[Start of section]
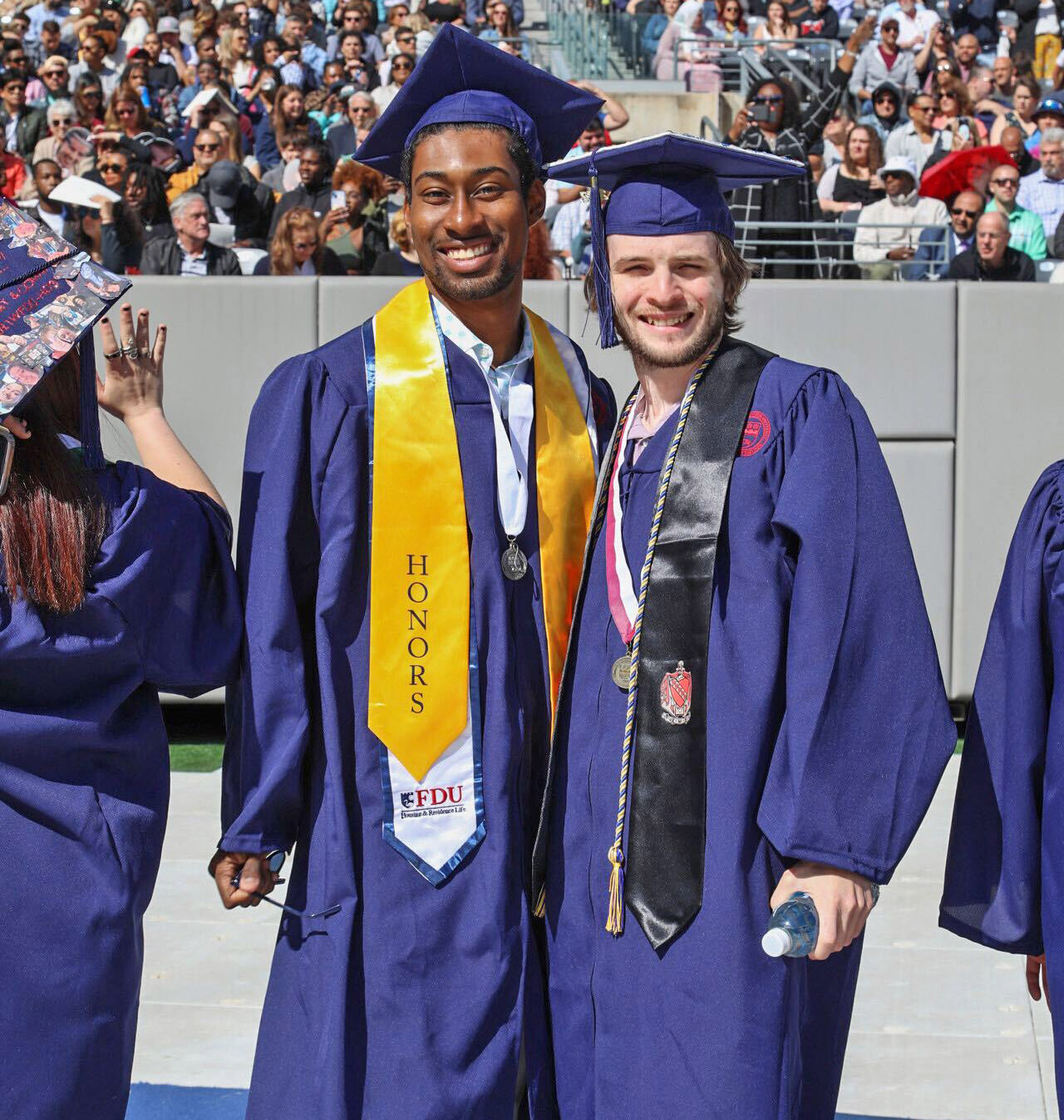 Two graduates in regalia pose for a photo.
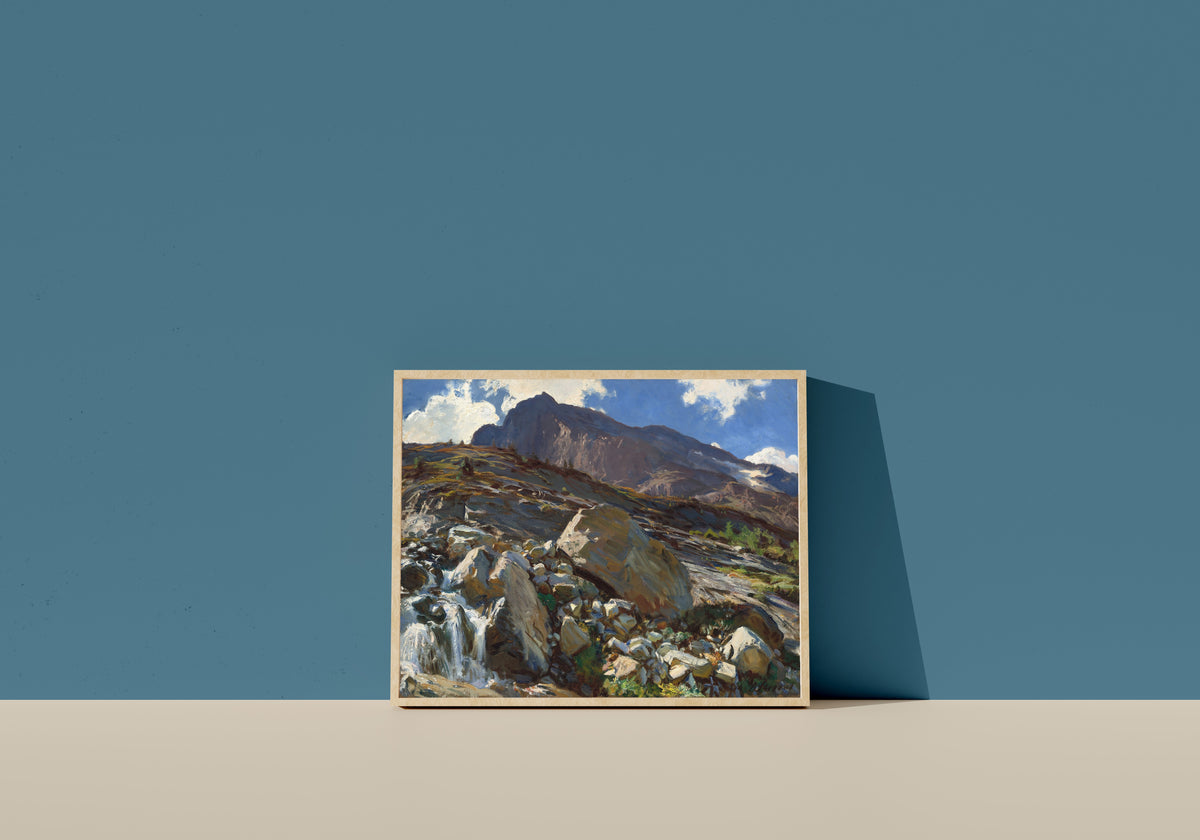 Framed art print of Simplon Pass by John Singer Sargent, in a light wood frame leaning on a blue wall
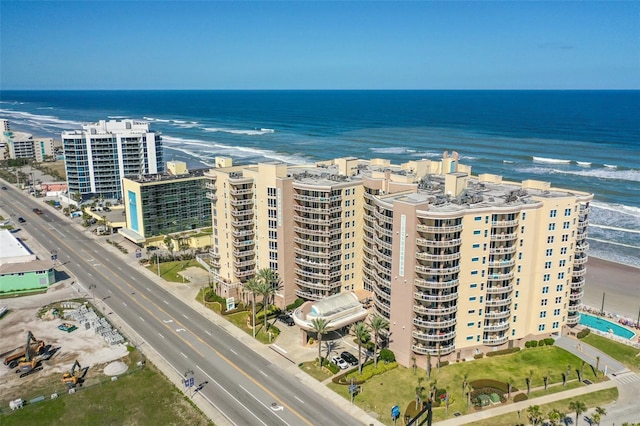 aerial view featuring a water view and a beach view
[End of section]
> Activity: All of the data is to be transcribed exactly, with images omitted.

> Result below:
 Two graduates in regalia pose for a photo.
 Framed art print of Simplon Pass by John Singer Sargent, in a light wood frame leaning on a blue wall
 aerial view featuring a water view and a beach view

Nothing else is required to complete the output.